5.   Tanrı’nın kullarına hoşluk, güzellik veren, iyi muamele eden, iyilik veren olduğunu, bu açıkça ayette belirtildiğine ve uygulandığını görüp anlayan insanın az olduğunu öğrendik.

6.   Tanrı’nın kullarına neler yapacağını açıkça belirterek kendini bağladığını, kendini mecbur kıldığını öğrendik.

7.   Bilgisinden görüşünden faydalanıp yüz yüze iken saygı gösterip yanından ayrıldıktan sonra iki yüzlülük yapıp eleştirip küçülten ile arkadaşlık, dostluk yapılmayacağını öğrendik.

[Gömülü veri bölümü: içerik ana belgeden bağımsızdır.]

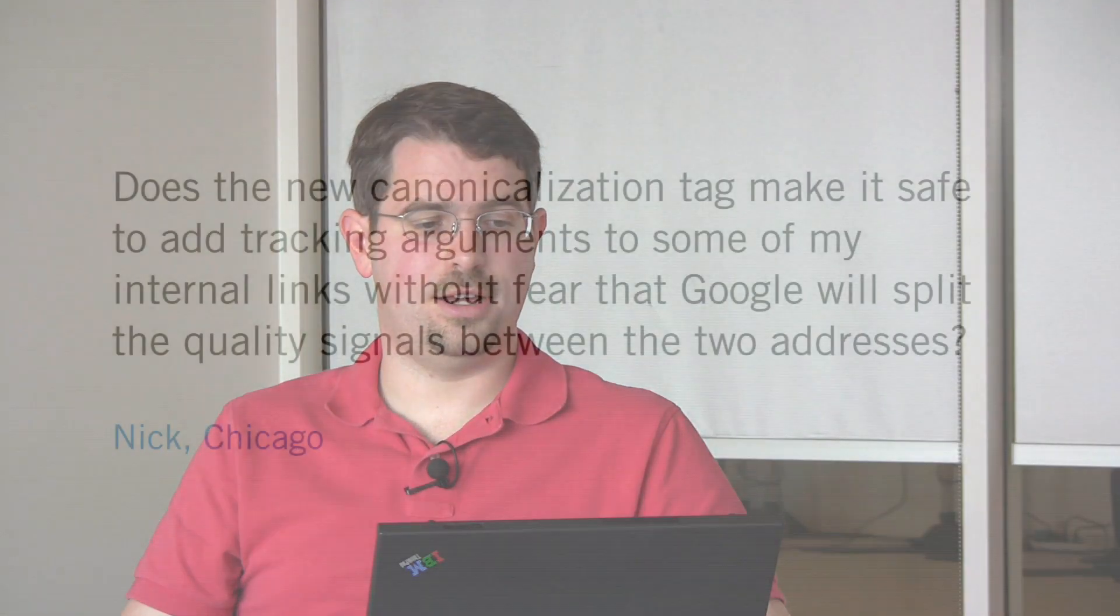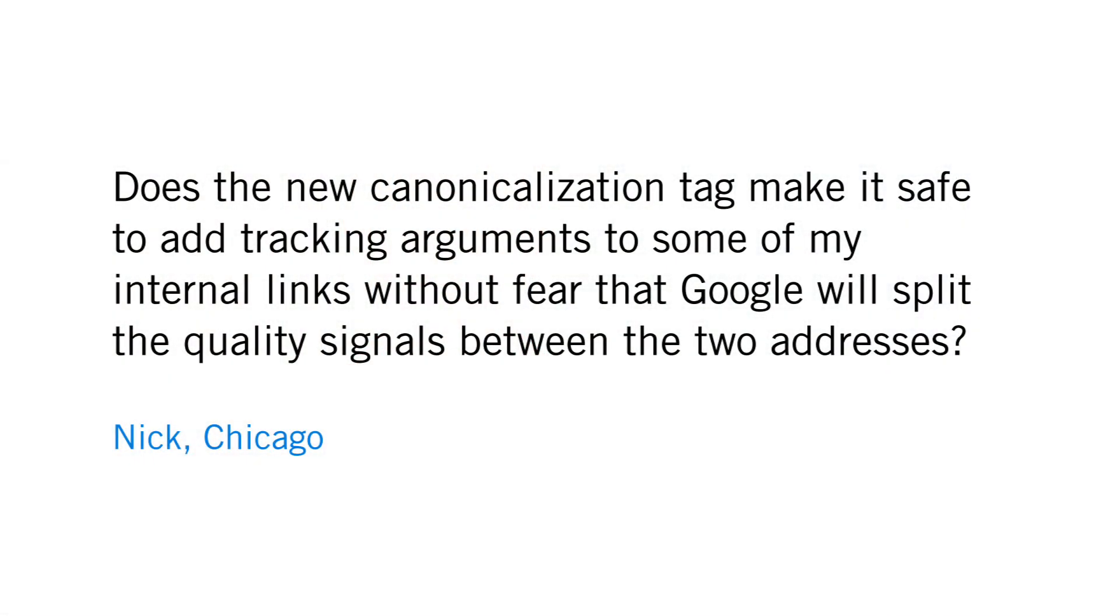Here's a perfect question from Nick in Chicago. Does the new canonicalization tag make it safe to add tracking arguments to some of my internal links without fear that Google will split the quality signals between the two addresses?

8.   Bilgin olmayan birisinin bir bilgin hakkında söylediklerinin doğru ve isabetli olamayacağını öğrendik.

9.   Verilen örneklere dikkat edersek o kişinin söylediği konuda ne kadar bilgi sahibi olup olmadığını anlayabileceğimizi öğrendik.

10.                   Başkasının sözünü aktararak bilgin olunamayacağını öğrendik.

11.                   Ayette nasıl söylenmişse aynen olacağını öğrendik.

12.                  Bilgiden daha ileri inanç olduğunu, inanarak cesaretle yol alanın kafasında büyüttüğü, korku oluşturduğu canavarın aslında bir böcek olduğunu, kolayca yok edilebileceğini öğrendik.

13.                  Tanrı inancı olmayanların korkuyu kullandıklarını, inananları durdurmak, yoldan vazgeçirmek için bir böceği bile canavar gibi anlatıp inandırmaya uğraştıklarını öğrendik.

14.                  Harflerin Tanrı’yı anlattığını, Tanrı sevgisini taşıdığını, gönlümüze Tanrı sevgisini koymaya yaradığını öğrendik.

15.                  Her şeyde muhakkak fayda olduğunu ve bizim de bu faydayı görmemiz gerektiğini öğürendik.

 İşte böyle yaren,
Doğrular ve gerçekler yerinde her zaman durmaktadır.

Her insan kendi bakış ve istekleri ile bu doğruları anlamaya, başkalarına anlatmaya çalışır ve bundan da bir kazanç bekler.

Tarafsız, yansız yani özgür bir düşünceye sahip olmayanlar tam doğruyu göremezler ancak sınırlı görebildiklerini de gerçekliğin son noktası diye takdim ederler.

Sözlerin önemini bir daha dikkate almamız ve anlayışımızı ilk kaynaktan temiz bir şekilde almamız gerekmektedir.

Yaşam şartları diye bize gerekmeyen birçok bilgiler aldık ve bunların karmaşası içinde doğruyu bulmaya, doğru yaşamaya çalışıyoruz.

Tanrı yolunda gidenlere ve bu yoldan çıkmayanlara perde kalkıp doğru olduğu gibi gösterilecektir.

 İnşallah bundan yararlanan kullardan oluruz.